Piccola posta, Soletta, Stream of consciousness

Venute al mondo

 

 Penso a dove sono finite, ventiquattrore dopo.

Copie di giornale, allegato al quotidiano del sabato.

Quelle lasciate sui sedili di un Frecciarossa o di uno sgangherato treno locale.

Quelle appoggiate sul termosifone del bagno, a fianco del water, sfogliate fino a pagina 10, ché magari era un falso allarme.

Quelle cestinate all’istante: roba da donne, solo pubblicità, vestiti e creme antirughe.

Quelle lette avidamente, sì, ma soltanto l’oroscopo, in una delle ultime pagine.

Quelle che qualunque fine facciano, sono 50 centesimi caricati sul prezzo già alto del giornale.

Quelle inzuppate di pioggia, abbandonate nel cestino dei rifiuti a quattro passi dall’edicola.

Quelle già stivate nel bidone giallo dei bravi cittadini, carta con carta, insieme ai depliant pubblicitari e al cartone delle merendine.

 

Per tutte le altre, forse c’è ancora una speranza.

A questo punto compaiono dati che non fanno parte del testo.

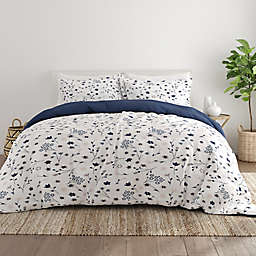Home Collection® Forget Me Not 3-Piece Reversible Full/Queen Comforter Set in Navy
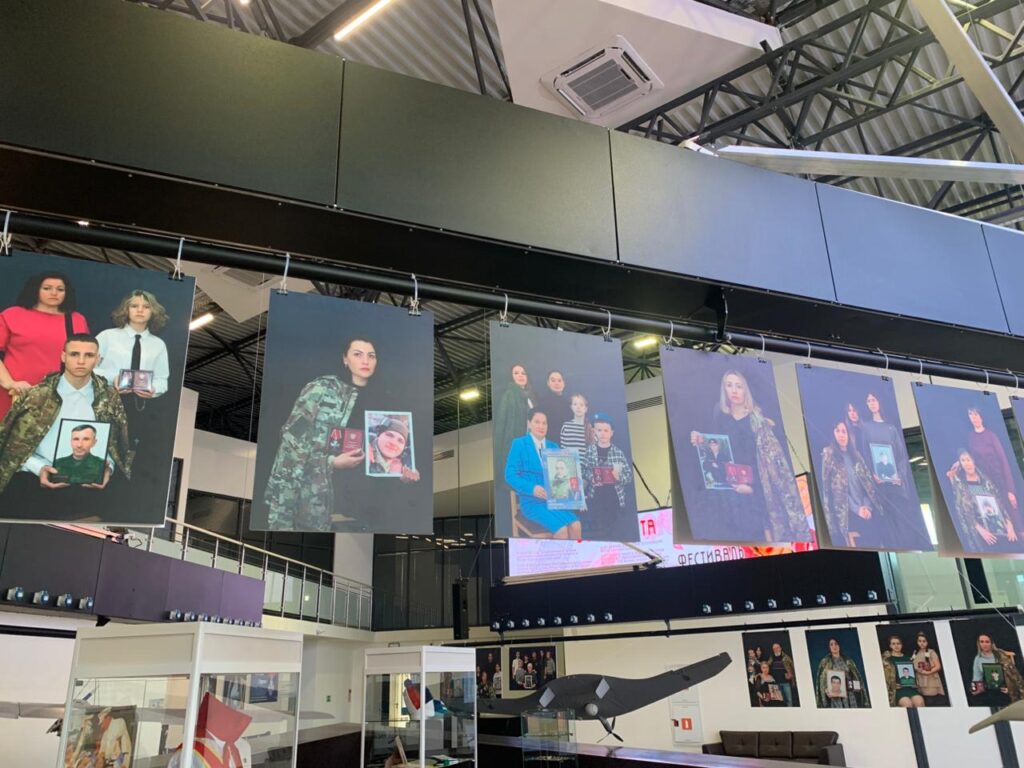 Жители и гости Ростовской области смогут увидеть выставку памяти «Семья героя»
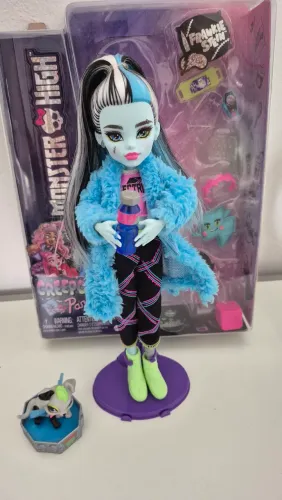 Monster high frankie creepover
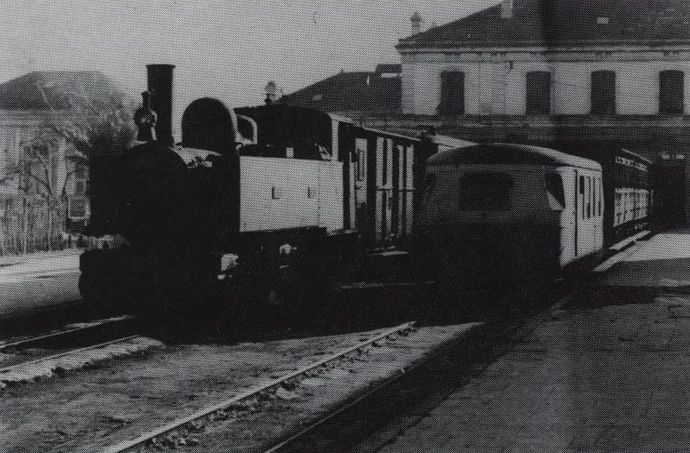 Mallet locomotive No. 319 at the head of train No. 22 in Ajaccio station Mallet locomotive No. 319 at the head of train No. 22 in Ajaccio station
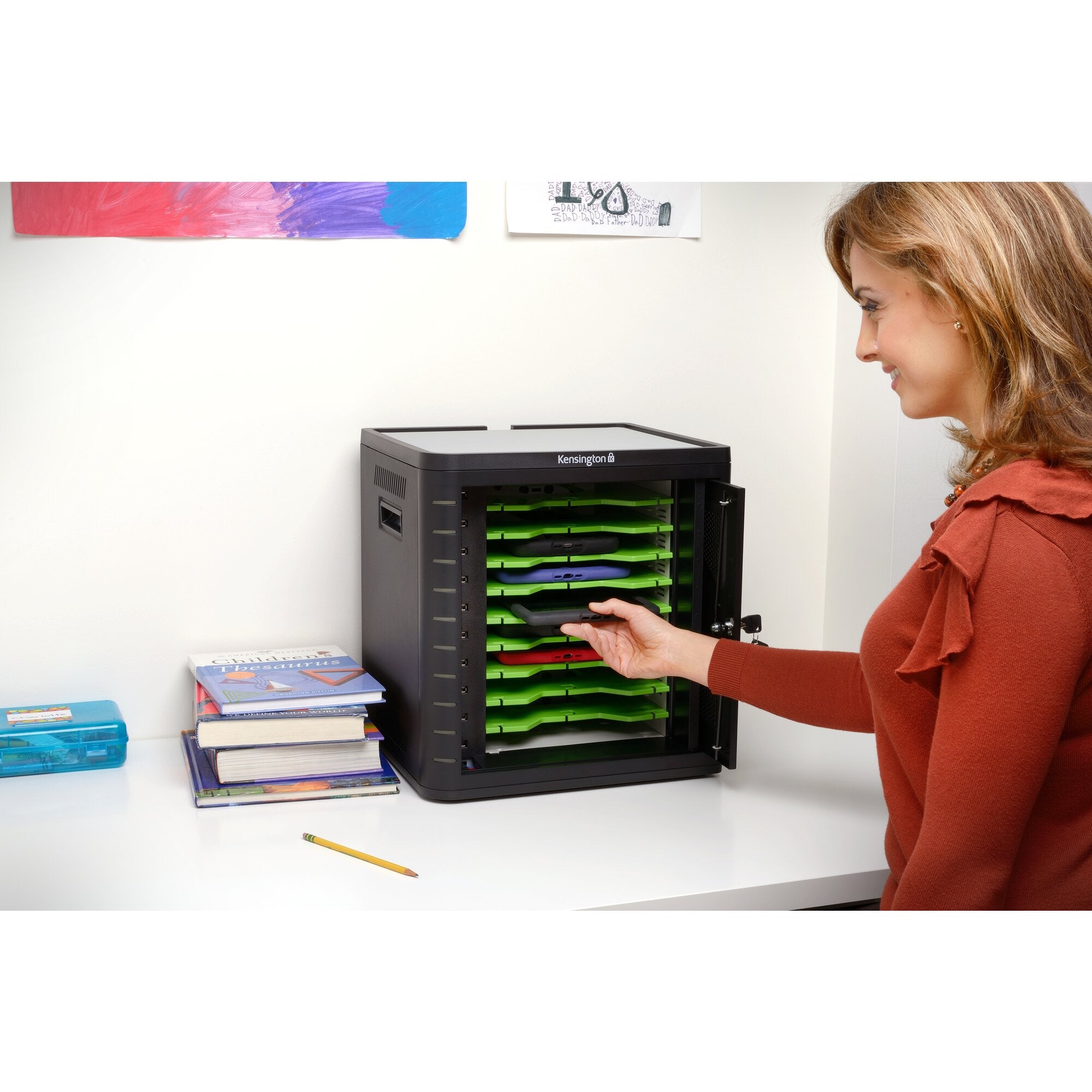 Charge+Sync Cabinet Universal Black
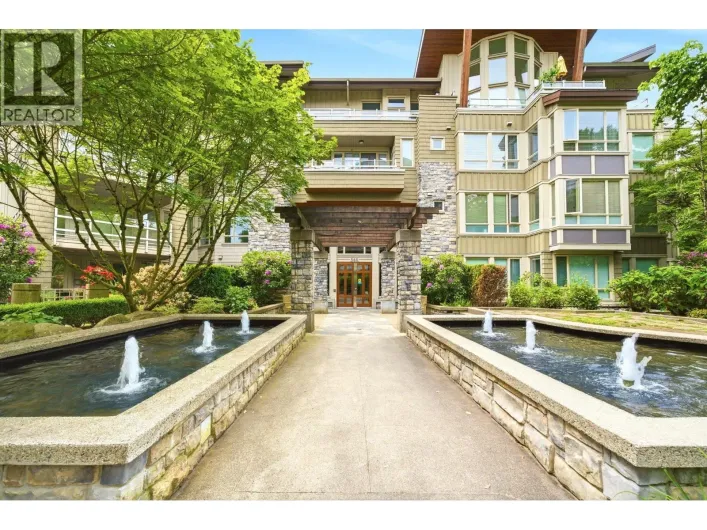 318 560 RAVEN WOODS DRIVE, North Vancouver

Che qualcuno le trovi, le prenda in mano e vada, e corra a pag. 60.

Per leggere storie vere di donne, nella Sarajevo assediata. Storie di vent’anni fa, anche se sembra ieri.

Storie così:

 

In un altro ufficio postale, a Marindvor, in cui la gente entrava solo per trovare riparo, una donnetta anziana parlava a un telefono, parlava e piangeva, si rivolgeva a una figlia, le raccontava delle cose confuse, poi ricominciava a piangere. Durò a lungo, nessuno le badava. Quando finì, si rassettò il soprabito sdrucito e uscì, vidi che il telefono, restato sulla sua mensola, non aveva fili.

 

A raccoglierle – ma tra i propri ricordi: sono storie di prima mano – è stato Adriano Sofri.

Se la vostra copia è rimasta davvero sul sedile del treno, non disperate. Copio il pezzo nei commenti del blog.

Ma la prossima volta state più attenti.